芳根京子の演技は想像通り素晴らしかったが、主演の北川景子、相手役の中村倫也をはじめ、毒母を演じた木村佳乃も、それまでの彼らのイメージと違った意外性マックスが素晴らしかった。(特に木村佳乃!でもこの人、時々毒母の役やっているかな・・?)
そして窪塚洋介がふつーの人のいい夫を演じていることに感動すら覚えた。私の中で窪塚洋介は、ちゃらんぽらんだったり普通に見えて実は根性が歪んでいるという役のイメージが強かった。その彼が、どこをどうとっても”いい人”を演っているのが新鮮で、前半はそこから目が離せないくらいだった。
臨床心理士の由紀(北川景子)は、父親を殺した動機がわからない、という環菜(芳根京子)に接見し彼女の心を探るうちに、自らが抱えるトラウマと向き合うことになる。環菜の国選弁護人となった、由紀の義弟の迦葉(かしゅう/中村倫也)と共に、環菜の過去を調べる中で、環菜が思春期に受けた両親からのありえない心理的虐待などを知ることになる。同時に由紀のトラウマや迦葉と由紀の過去、夫の我聞(窪塚洋介)の馴れ初めなどが描かれる。

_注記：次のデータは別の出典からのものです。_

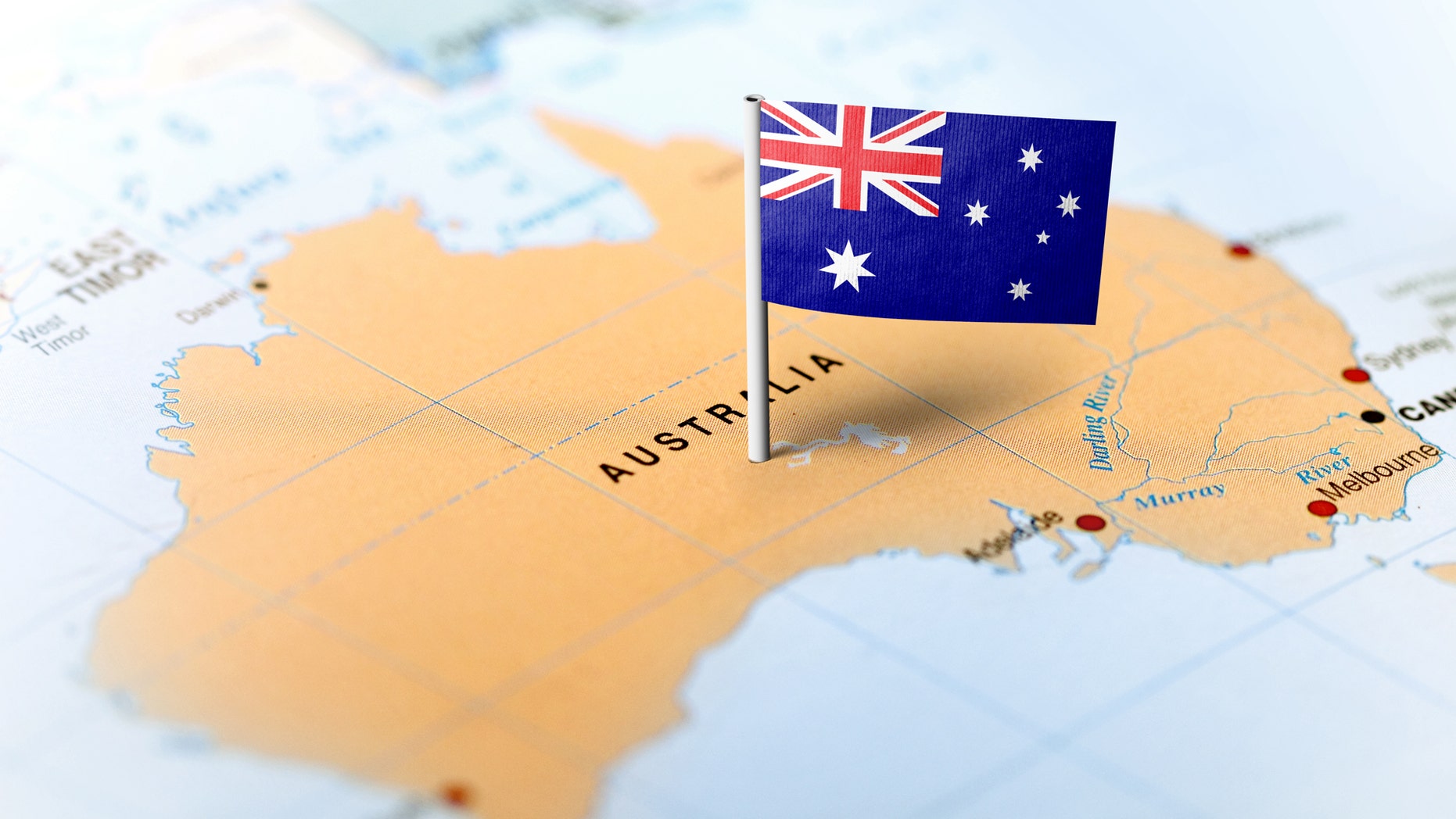 The flag of Australia pinned on the map. Horizontal orientation. Macro photography. (MarkRubens, iStock)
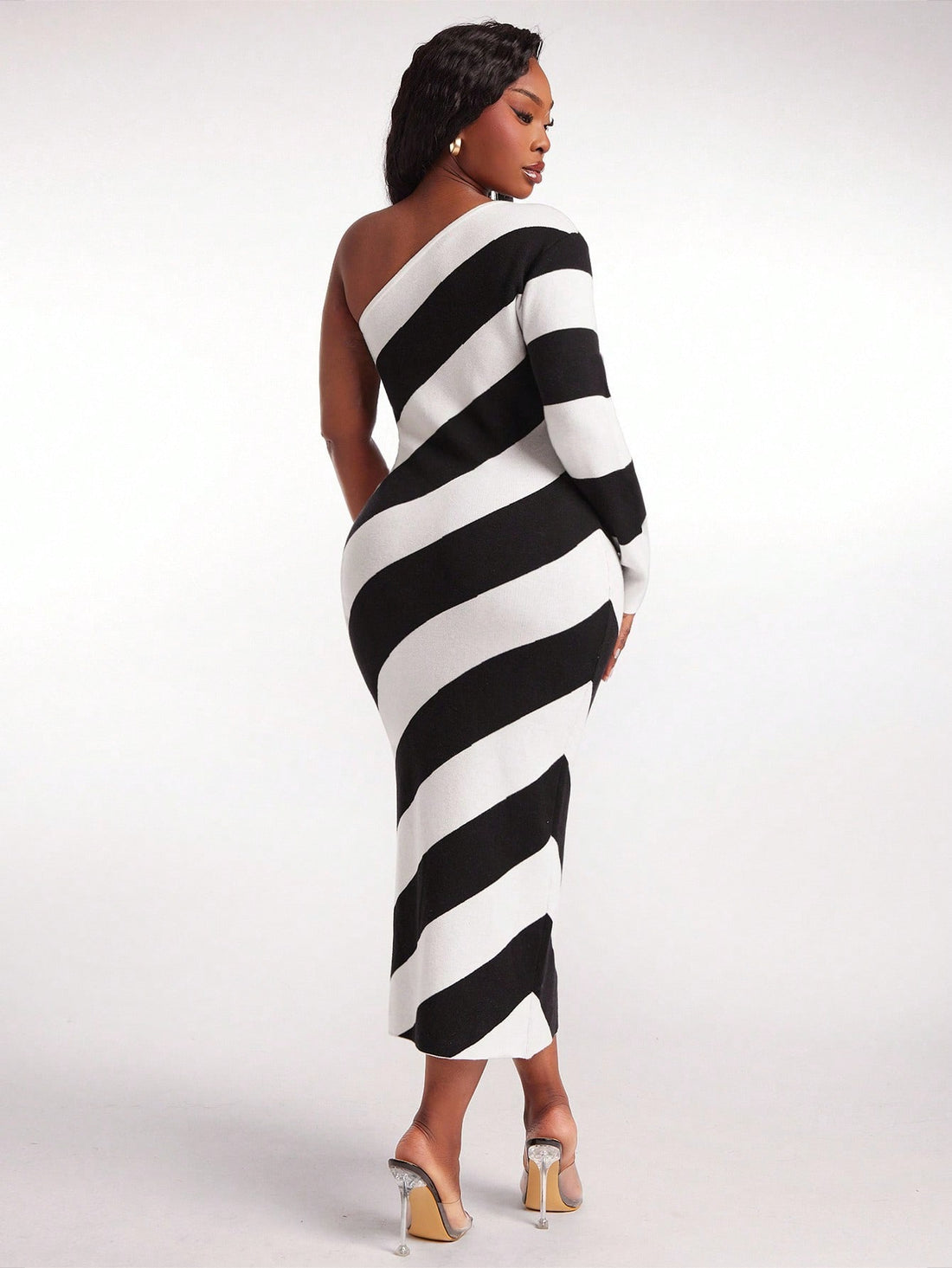 Turn heads with this Elegant Plus Size One-Shoulder Striped Bodycon Sweater Dress, perfect for cozy fall and winter office days. Its figure-hugging silhouette and playful one-shoulder design create a chic balance of warmth and style. The classic stripes add a dash of fun while keeping it professional—ideal for making your workwear stand out without trying too hard. Stay comfy, look fabulous!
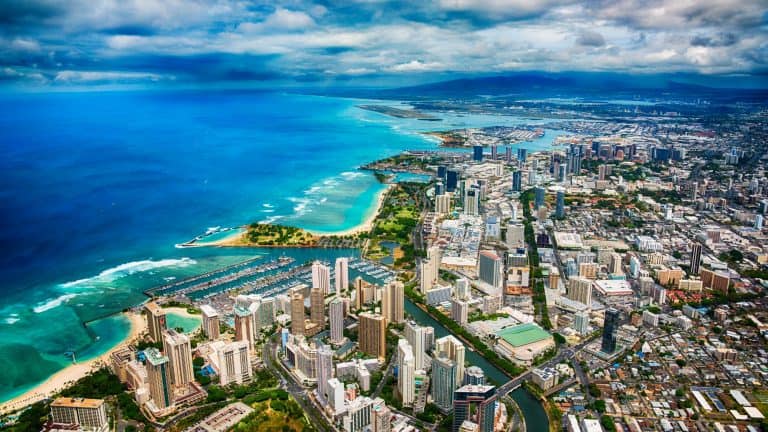 An aerial view of Honolulu, Hawaii, featuring turquoise ocean waters, white sandy beaches, and a dense skyline of high-rise buildings along the coastline.
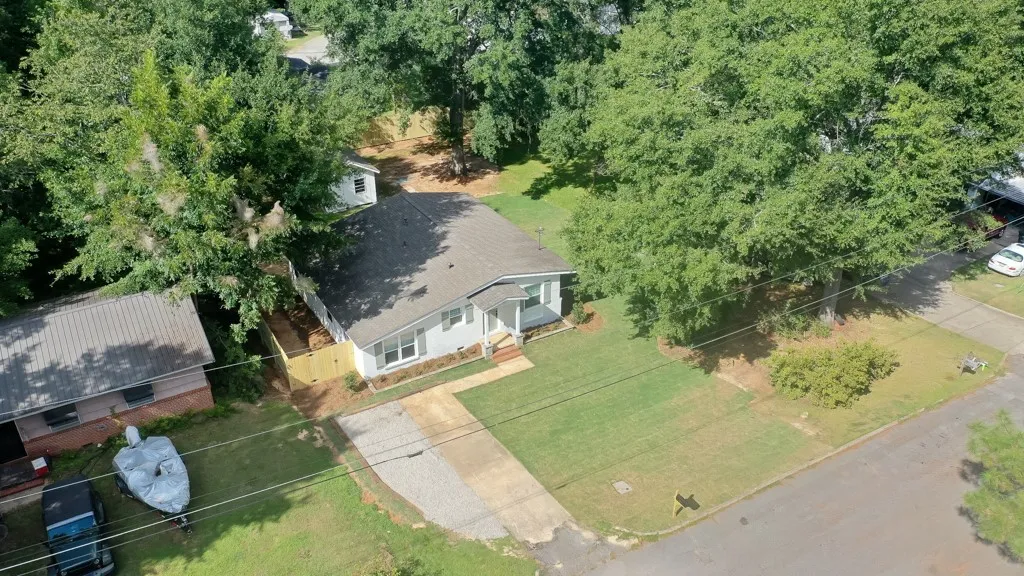 Mature trees frame a welcoming ranch home with a spacious front lawn and driveway.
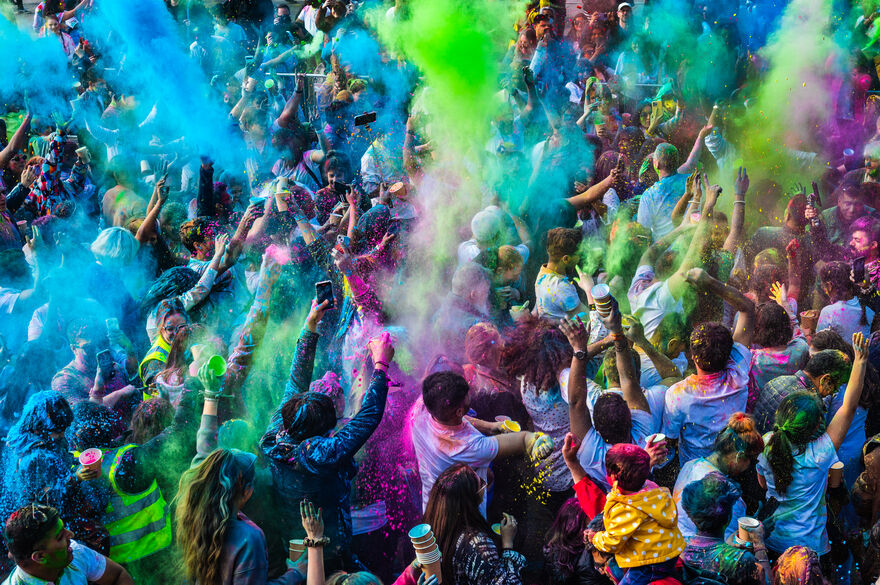 People stood in a crowd smiling and covered in colourful paint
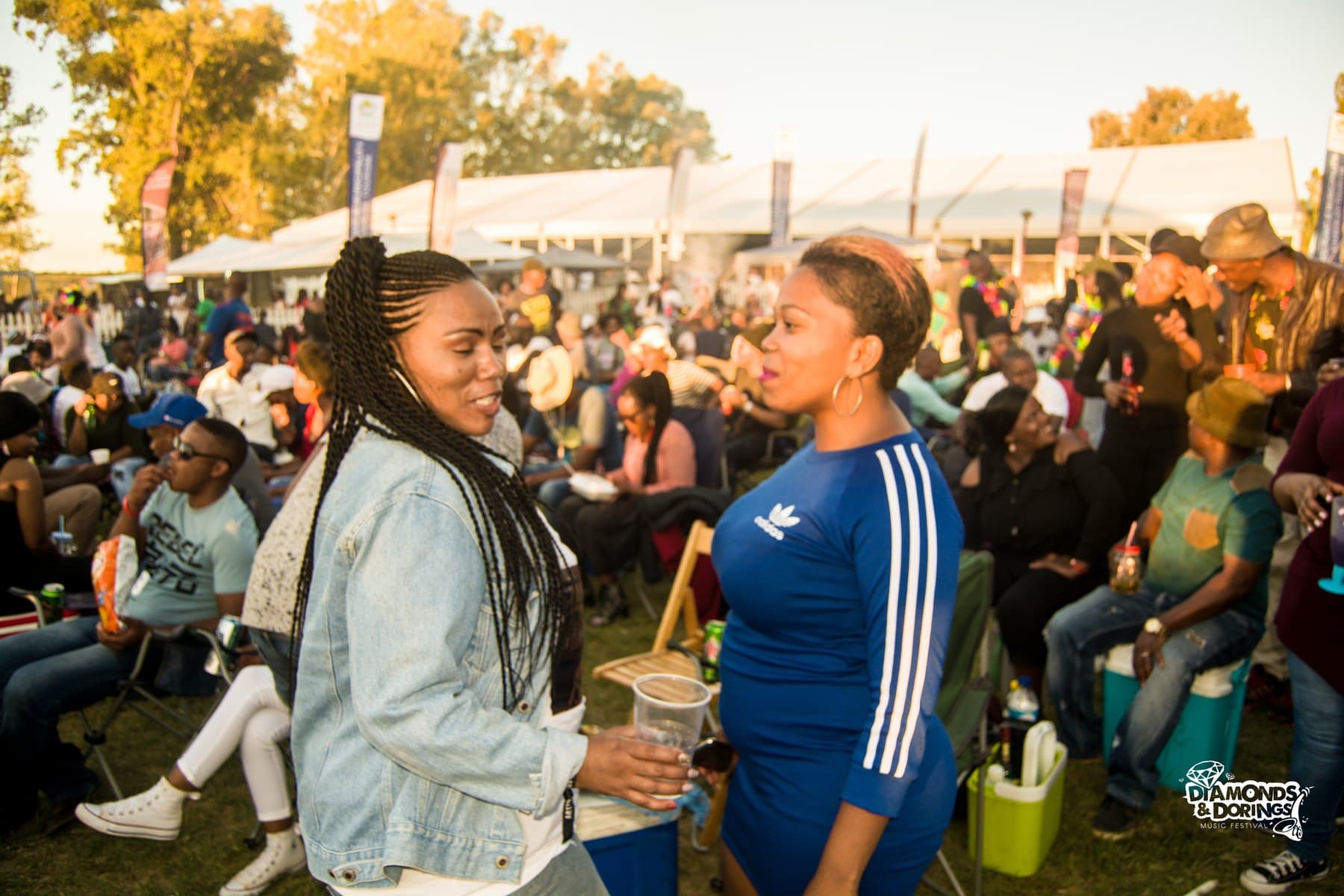 Two friends talking in a sunlit festival crowd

終盤、由紀が心優しい夫我聞に自身のトラウマや迦葉との過去を打ち合け号泣するシーンがある。カタルシスにもとれるそのシーンで北川景子の顔が号泣しすぎてぐしゃぐしゃにもかかわらず整っている・・・それを優しく抱きかかえる窪塚洋介が、きっと(北川景子、顔が涙でぐしゃぐしゃなのにカワイイ・・)って思ったんじゃないかと、余計なことを考えてしまった。しかし邪念の中でも、このシーンの北川景子の泣きの演技は素晴らしいと思った。
子どもにとって親の存在がいかに大きいか。両親を含み大人から護られるべき子どもが、性の対象や所有物のように扱われたりする事実。彼らが受ける心の傷の深さを改めて思い知った。
なかなか重いテーマだったが、写真家でもある我聞の個展で飾られていた異国の父娘の写真、そしてもう1枚の家族写真に救われる。
最後に、「ファーストラヴ」のタイトルについて考えが及んだ。何のことを、あるいは本作のストーリーの中でどの部分のことを言っているのだろう。環菜と由紀にはそれぞれ”初恋”と呼べる過去が描かれていた。そのこと?いや違うような気がする・・。原作を読んだらわかるのかなあ。